- **Exercise data**
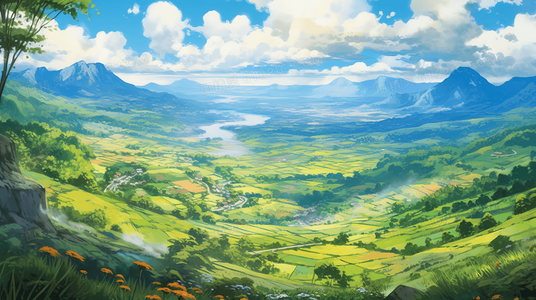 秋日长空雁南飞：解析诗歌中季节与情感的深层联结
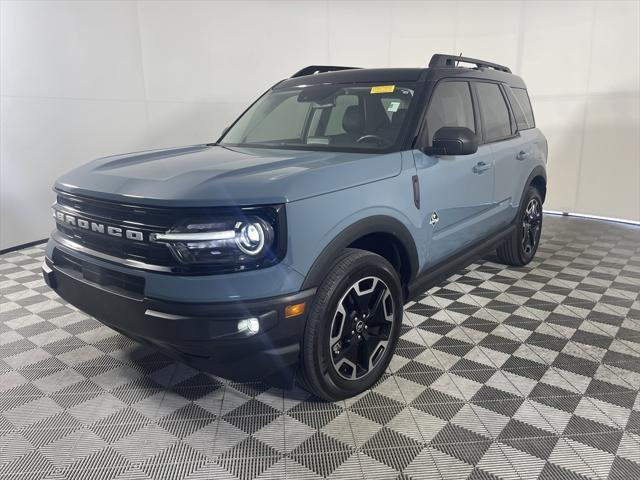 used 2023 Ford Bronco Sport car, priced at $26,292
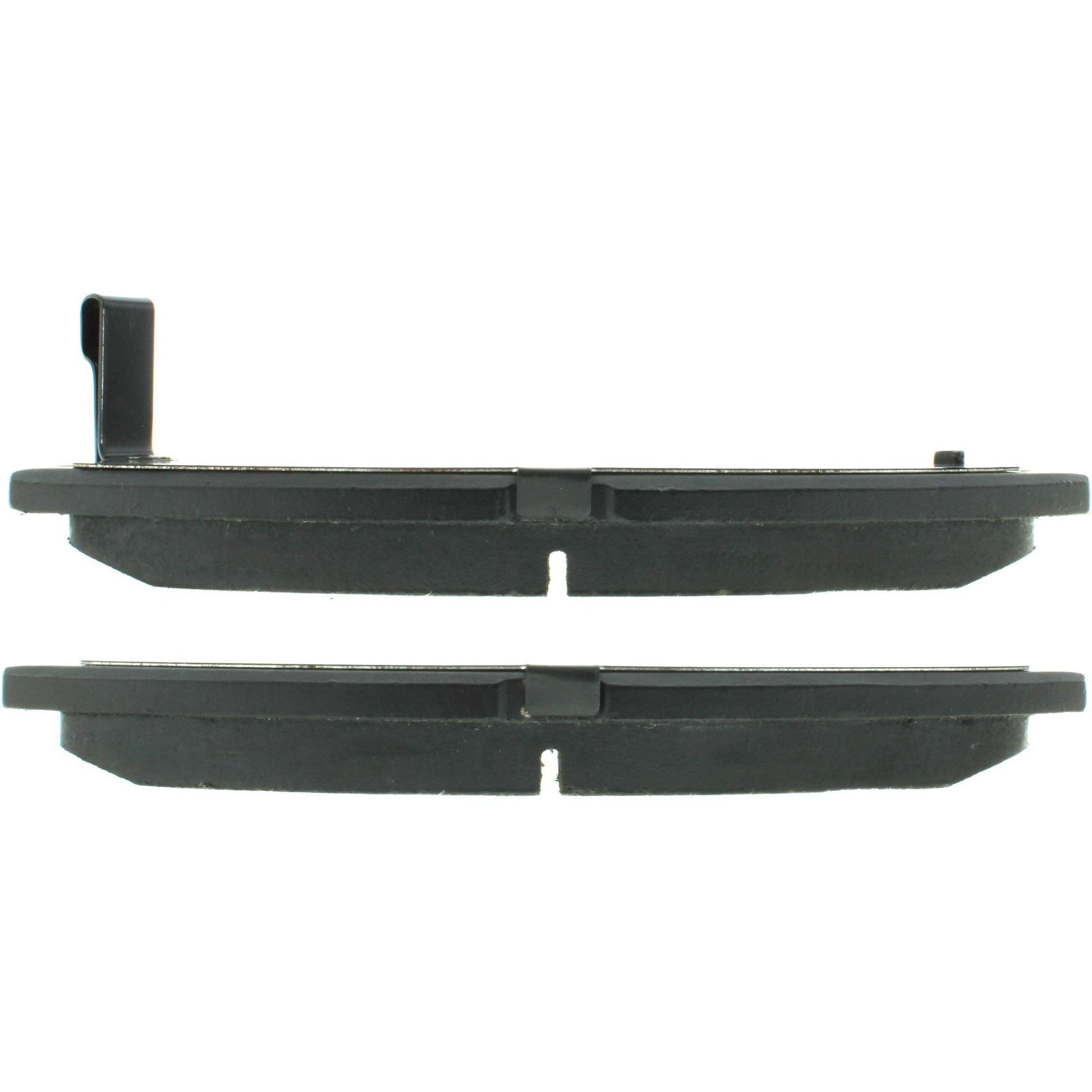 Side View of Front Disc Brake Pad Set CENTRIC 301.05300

- **Exercise brief**
The whole listing above should be restated word for word, minus any images.

- **Exercise answer**
 秋日长空雁南飞：解析诗歌中季节与情感的深层联结
 used 2023 Ford Bronco Sport car, priced at $26,292
 Side View of Front Disc Brake Pad Set CENTRIC 301.05300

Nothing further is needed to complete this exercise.